When it comes to large language models (LLMs), scale certainly matters because it affects where the model is run. StabilityAI, a manufacturer known for its stable diffusion text-to-image generation artificial intelligence technology, today released one of its smallest models to date - StableLM21.6B.
StableLM is a text content generation LLM that Stable AI first launched in April 2023 with 3 billion and 7 billion parameter models. The new StableLM model is actually the second model released by StabilityAI in 2024, after the company released StableCode3B earlier this week.

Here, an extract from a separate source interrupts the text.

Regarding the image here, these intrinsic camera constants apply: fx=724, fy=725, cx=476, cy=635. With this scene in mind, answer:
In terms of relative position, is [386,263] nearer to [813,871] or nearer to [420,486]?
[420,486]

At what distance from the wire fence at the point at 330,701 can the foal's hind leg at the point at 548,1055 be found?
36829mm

The new StableLM model is compact and powerful, designed to lower the barrier to entry for more developers to participate in the generative AI ecosystem and incorporate multilingual data in seven languages: English, Spanish, German, Italian, French, Portuguese and Dutch. The model leverages the latest algorithmic advances in language modeling to achieve the best balance of speed and performance desired by StabilityAI.

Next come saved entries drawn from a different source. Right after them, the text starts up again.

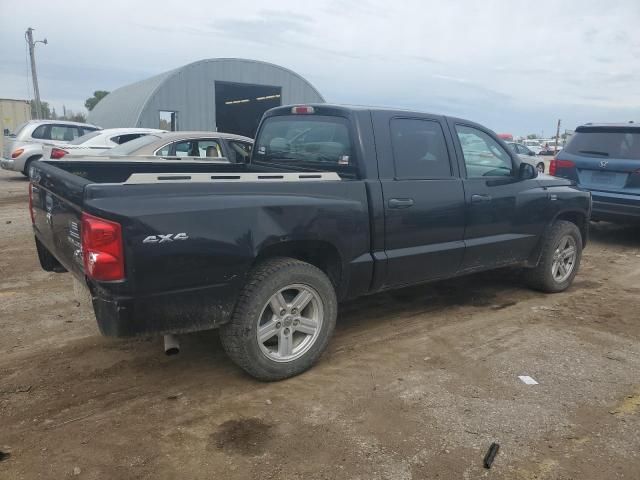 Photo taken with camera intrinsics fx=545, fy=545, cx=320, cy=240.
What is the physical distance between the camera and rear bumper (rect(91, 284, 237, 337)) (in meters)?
2.95

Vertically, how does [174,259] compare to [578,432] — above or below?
above

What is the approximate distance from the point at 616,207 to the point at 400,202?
17.2 feet

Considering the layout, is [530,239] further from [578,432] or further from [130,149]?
[130,149]

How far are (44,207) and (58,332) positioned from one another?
3.85 feet

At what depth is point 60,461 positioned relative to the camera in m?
2.76

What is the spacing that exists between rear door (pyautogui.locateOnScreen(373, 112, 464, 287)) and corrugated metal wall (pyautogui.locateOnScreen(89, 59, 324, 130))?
19.3m

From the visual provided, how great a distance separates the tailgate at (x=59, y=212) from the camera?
311cm

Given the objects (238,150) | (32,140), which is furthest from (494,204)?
(32,140)

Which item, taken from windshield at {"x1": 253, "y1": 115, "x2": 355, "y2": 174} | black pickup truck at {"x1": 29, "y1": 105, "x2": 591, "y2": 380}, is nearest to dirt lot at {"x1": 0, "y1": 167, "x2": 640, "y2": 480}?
black pickup truck at {"x1": 29, "y1": 105, "x2": 591, "y2": 380}

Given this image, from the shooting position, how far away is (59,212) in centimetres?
339

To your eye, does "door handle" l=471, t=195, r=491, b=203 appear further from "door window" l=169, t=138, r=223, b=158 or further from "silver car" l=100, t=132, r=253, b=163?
"door window" l=169, t=138, r=223, b=158

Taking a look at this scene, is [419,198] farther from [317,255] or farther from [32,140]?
[32,140]

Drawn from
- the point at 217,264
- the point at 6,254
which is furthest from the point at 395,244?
the point at 6,254

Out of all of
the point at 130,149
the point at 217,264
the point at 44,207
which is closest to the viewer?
the point at 217,264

Carlos Riquelme, head of the language team at StabilityAI, told VentureBeat: "In general, larger models trained with similar training recipes on similar data tend to perform better than smaller models. However, over time, as new models are able to implement better algorithms and train on more and higher quality data, we sometimes see recent smaller models outperform older larger models."
According to StabilityAI, the model outperforms other small language models with parameters below 2 billion on most benchmarks, including Microsoft's Phi-2 (2.7 billion), TinyLlama1.1B, and Falcon1B. The new, smaller StableLM is even capable of outperforming some of the larger models, including StabilityAI’s earlier StableLM3B model.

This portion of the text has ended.